Malheureusement Scipion combattait aux portes de Numance quand la révolution éclata, et à son retour elle était déjà entrée dans les voies de sang et de violence d'où on ne pouvait plus la tirer, et où lui-même trouva la mort. C'est qu'excepté lui, peut-être, tous fermaient les yeux sur la gravité du mal, et nul ne songeait au moyen de le guérir. Comme ces vieux sénateurs qui, assis dans leurs chaises curules, attendaient, impassibles et dignes, que les Gaulois parussent, les Scævola, les Calpurnius et les Tubéron croyaient faire assez pour leur patrie en donnant l'exemple d'une vie sans tache, et, prêts à mourir, mais incapables de combattre, ils laissaient, dans leur inactive vertu, arriver les jours de malheur. Stoïciens pour la plupart, ils savaient mieux souffrir qu'agir; jurisconsultes, ils n'auraient pas voulu sortir de la légalité; et ils ne voyaient pas que la république, comme un malade désespéré, avait besoin de ces remèdes énergiques des temps de révolution qui sauvent les empires ou qui les tuent.

CHAPITRE XVI.

LES GRACQUES (133-121).

SOULÈVEMENT DES ESCLAVES; EUNUS (133). ·

LOI AGRAIRE DE TIBERIUS GRACCHUS (133). DÉPOSITION D'OCTAVIUS; MORT DE TIBÉRIus (133). SCIPION ÉMILIEN ET LES ITALIENS.— ROGATIONS ET PUISSANCE DE CAÏUS GRACCHUS (123). · MORT DE CAÏUS (121).

Soulèvement des esclaves; Eunus (133).

Il y avait trois classes d'opprimés : le peuple de Rome, les Italiens et les provinciaux, les esclaves. Chacune de ces trois classes réclama à son tour. Les esclaves les plus maltraités de tous, se soulevèrent les premiers. Six fois déjà le sénat avait eu à réprimer des révoltes partielles d'esclaves avant d'avoir à combattre la formidable insurrection d'Eunus. Ce Syrien, esclave en Sicile, avait prédit qu'il serait roi

et appuyé sa prophétie par un miracle; en parlant, il lançait des flammes; une noix remplie de soufre allumé et cachée dans sa bouche accomplissait le prodige. Grâce à ses impostures il s'était acquis une grande autorité sur ses compagnons d'infortune, quand la cruauté d'un maître, le riche Damophile de la ville d'Enna, amena un soulèvement. Ses 400 esclaves ayant brisé leurs chaînes, se jetèrent dans la campagne, et rentrèrent bientôt en force dans la ville; tous les habitants furent massacrés, Damophile servit longtemps de jouet à leur vengeance; ils n'épargnèrent que sa fille qui leur avait montré quelque pitié. Un mouvement pareil éclata à Agrigente, et 5000 hommes vinrent se réunir aux esclaves d'Enna, qui avaient pris pour chef le prophète syrien, sous le nom du roi Antiochus. Dès qu'il eut un camp, un lieu de refuge, les esclaves accoururent de tous les points de l'île En quelques mois, Eunus réunit 70 000 hommes.
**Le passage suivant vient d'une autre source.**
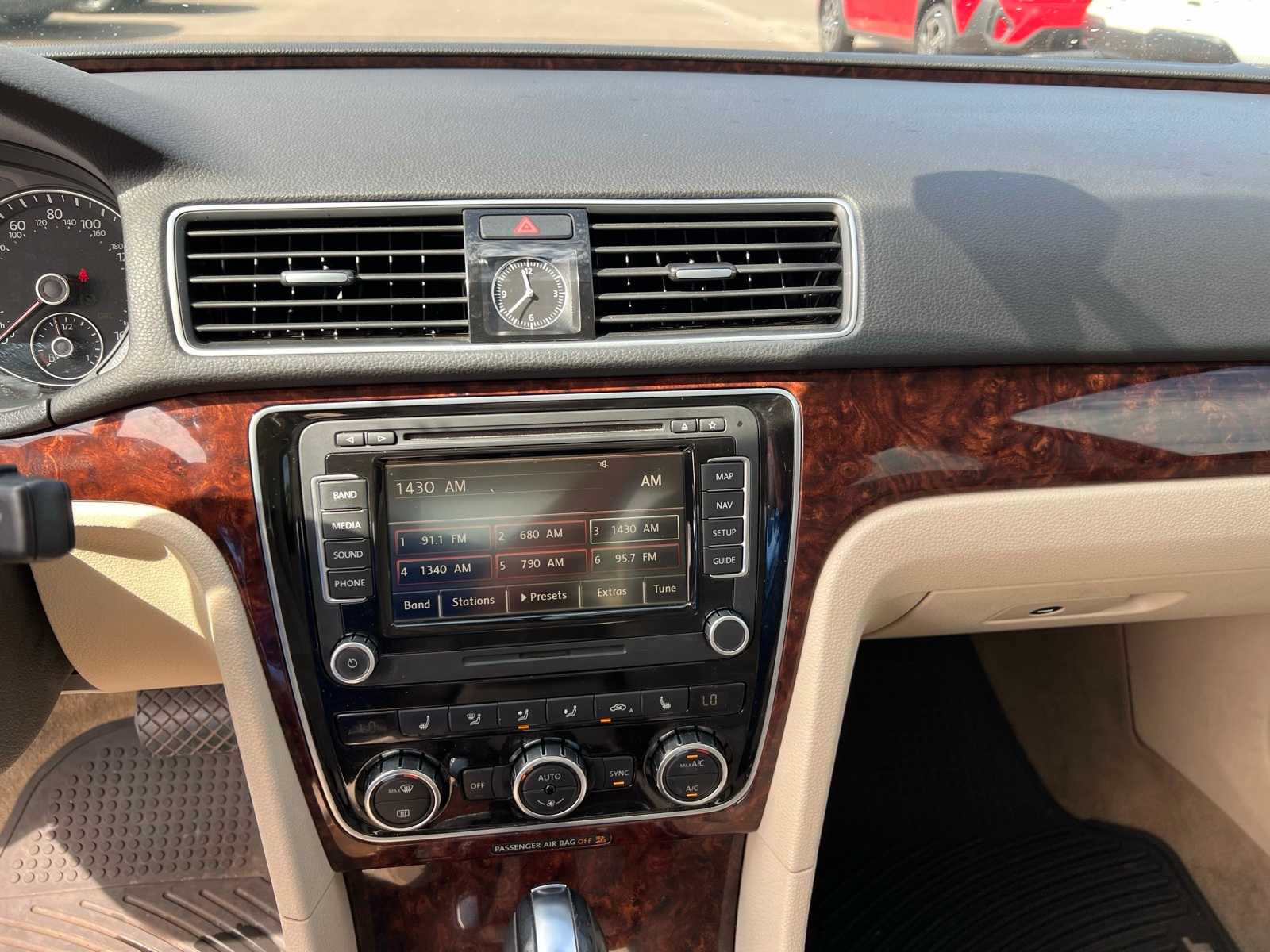 Thumbnail: 2013 Volkswagen Passat - 31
C'était le temps des honteux désastres essuyés par les légions devant Numance, avant que Scipion y arrivât; ils se renouvelèrent en Sicile. Quatre préteurs et un consul furent successivement battus. Maîtres d'Enna, au centre de l'ile, 200000 esclaves répandirent la terreur, de Messine à Lilybée, tandis que de Tauroménium, sur la côte, ils montraient à leurs frères d'Italie leurs chaines brisées. D'un bout à l'autre de l'empire les esclaves tressaillirent, et quelques explosions trahirent l'incendie qui, sourdement, gagnait de proche en proche. A Délos, dans l'Attique, dans la Campanie, dans le Latium même, il y eut des tentatives de soujèvement. Heureusement pour Rome, ses grands foyers d'esclaves étaient séparés par des mers ou par des pays mal peuplés. Alors, comme plus tard, l'insurrection ne put franchir le détroit, parce que les provocations qui venaient de la Sicile retombaient sans écho sur les solitudes du Brutium et de la Lucanie.

En 133, Calpurnius Pison ayant rétabli la discipline dans les légions, fit lever aux esclaves le siége de Messine; Rupilius, son successeur, leur prit Tauroménium, après les avoir réduits, par la famine à manger leurs femmes et leurs enfants; Enna lui fut livrée par trahison. Dès lors l'armée

se dispersa; il n'en resta que des bandes que l'on traqua dans les montagnes. Tous ceux qu'on fit prisonniers périrent dans les supplices. Le roi Antiochus, qui n'avait pas eu le courage de se tuer, fut pris dans une caverne avec son cuisinier, son boulanger, son baigneur et son bouffon. On le laissa mourir dans un cachot. Rupilius essaya de prévenir une nouvelle révolte par de sages règlements que l'avidité des maîtres mit bientôt en oubli.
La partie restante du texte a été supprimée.